Understanding deduplication's dual purpose
Deduplication serves two distinct patterns that many developers miss:
- Duplicate suppression: Preventing identical events from processing multiple times (payment retries, network failures)
- Noise suppression: Filtering out irrelevant changes while preserving meaningful updates (inventory fluctuations vs product title changes)
This dual nature explains why deduplication is more powerful than simple exact matching - it's "duplicate suppression + noise suppression" working together.
Deduplication vs Filters: When to use each
The key difference between deduplication and filters isn't just functionality - it's about guarantees and state:
Aspect | Filters | Deduplication |
---|---|---|
Behavior | Stateless | Stateful |
Guarantees | Always guaranteed | Best-effort, rare false negatives possible |
Time awareness | No temporal component | Time-windowed comparison |
Use case | Block or allow specific event types forever | Reduce retries and noise within time windows |
Decision framework: Use Filters when you never want certain events. Use deduplication when you want to reduce duplicate processing and noise within time windows.
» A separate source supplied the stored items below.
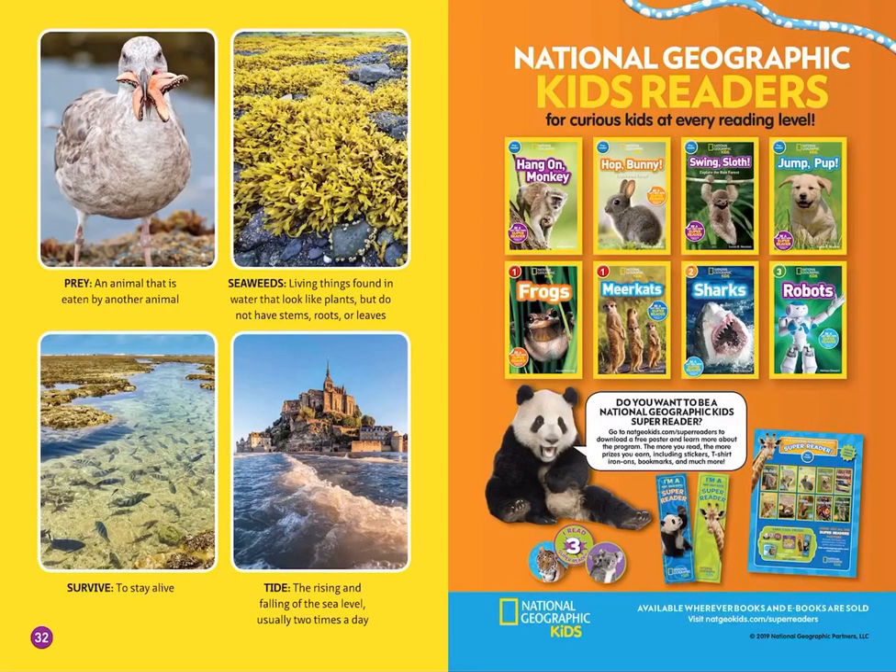Prey is an animal that is eaten by another animal. Seaweeds are living things found in water that look like plants, but do not have stems, roots, or leaves. Survive means to stay alive.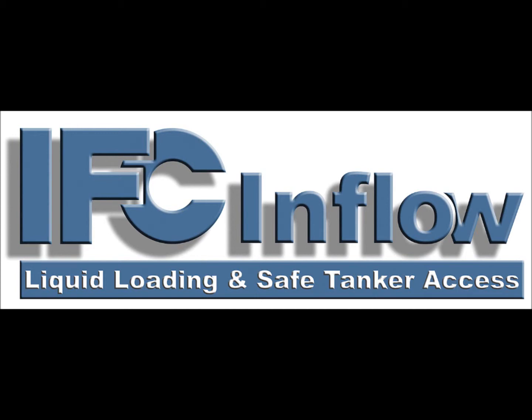IFC Inflow are market leaders in the design, manufacture and supply of tanker loading equipment and high level safe access systems for road and rail tankers.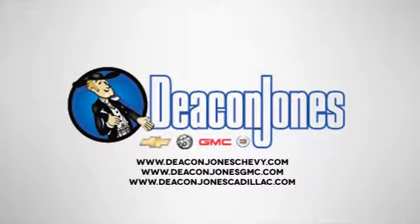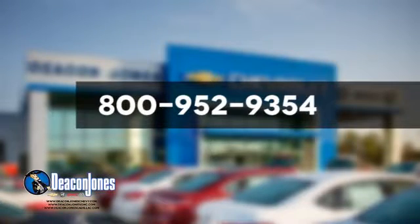Speaking Deacon. Are you speaking Deacon? Visit Deacon Jones Chevrolet Buick GMC Cadillac today. Give us a call at 800-952-9354.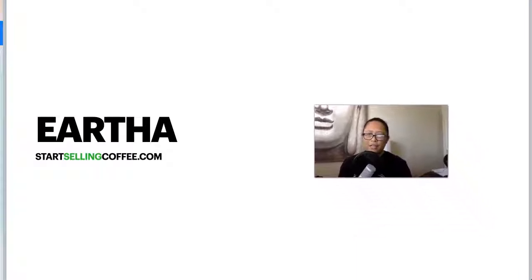Just a quick introduction before we get started: if you've never been to my channel before, my name is Ertha. I have a blog at startsellingcoffee.com where I create content on an almost daily basis about selling coffee online. These are things that I'm learning for myself and putting on the blog and creating YouTube videos, so hopefully this information helps you along your journey in starting to sell coffee.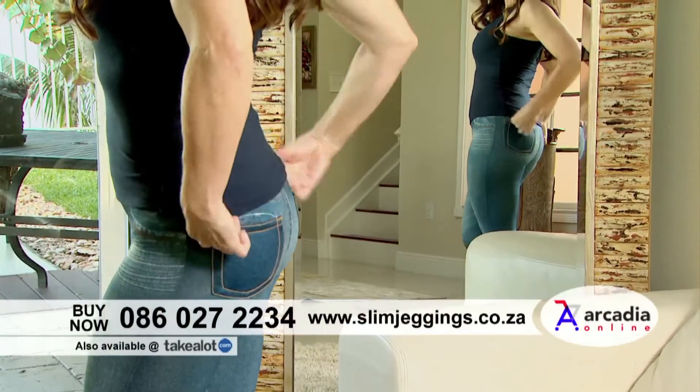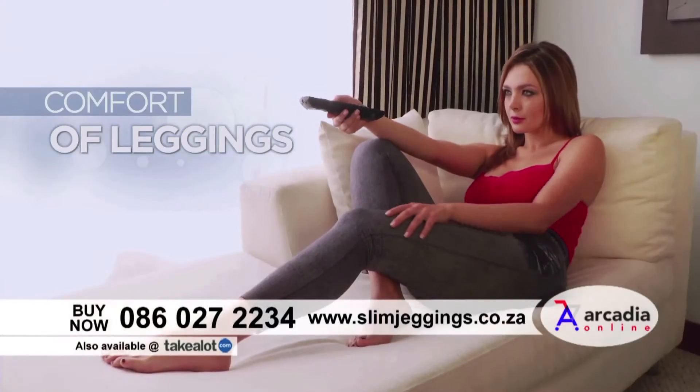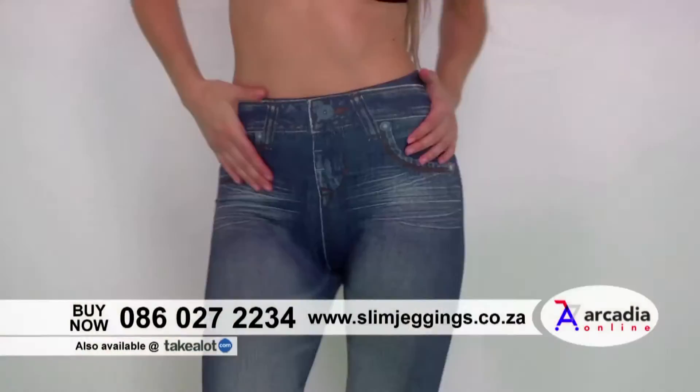Introducing the new Slim Jeggings by Slimy. The power of a body shaper, the comfort of leggings, and the look of jeans.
Critical principle: Deduplication doesn't replace idempotency in your application logic. It's a load-reduction tool, not a correctness guarantee.
Implementation pattern 1: Stripe payment retries
Business scenario: Your payment processing system receives duplicate Stripe webhooks during network issues, leading to potential double-charging or failed reconciliation.
Real-world problem: Stripe retries webhook deliveries when acknowledgments aren't received. During network connectivity issues, you might receive identical payment_intent.succeeded
events multiple times.
Configuration strategy
Use Stripe event ID for reliable payment deduplication:
{
"type": "deduplication",
"window": 3600000,
"include_fields": ["body.id"]
}
This configuration uses Stripe's unique event ID as the deduplication key, ensuring duplicate delivery attempts within 1 hour are suppressed while being explicit about the matching criteria.
Implementation considerations
Why this works: Each Stripe event has a unique id
field that remains constant across retry attempts, making it the most reliable deduplication key for payment events.
Window sizing: 1 hour accounts for extended network issues while preventing legitimate duplicate payments processed hours apart.
Downstream handling: Even with deduplication, implement idempotent payment processing using Stripe's event IDs.
Monitoring approach
Track these metrics to validate your implementation:
- Duplicate detection rate by event type
- Payment processing latency before/after deduplication
- False negative incidents (duplicates that weren't caught)
- Revenue impact from prevented duplicate processing
Implementation pattern 2: Shopify product updates
Business scenario: Your product sync system receives Shopify products/update
webhooks for every field change, but you only care about changes to title, description, and metafields - not inventory fluctuations.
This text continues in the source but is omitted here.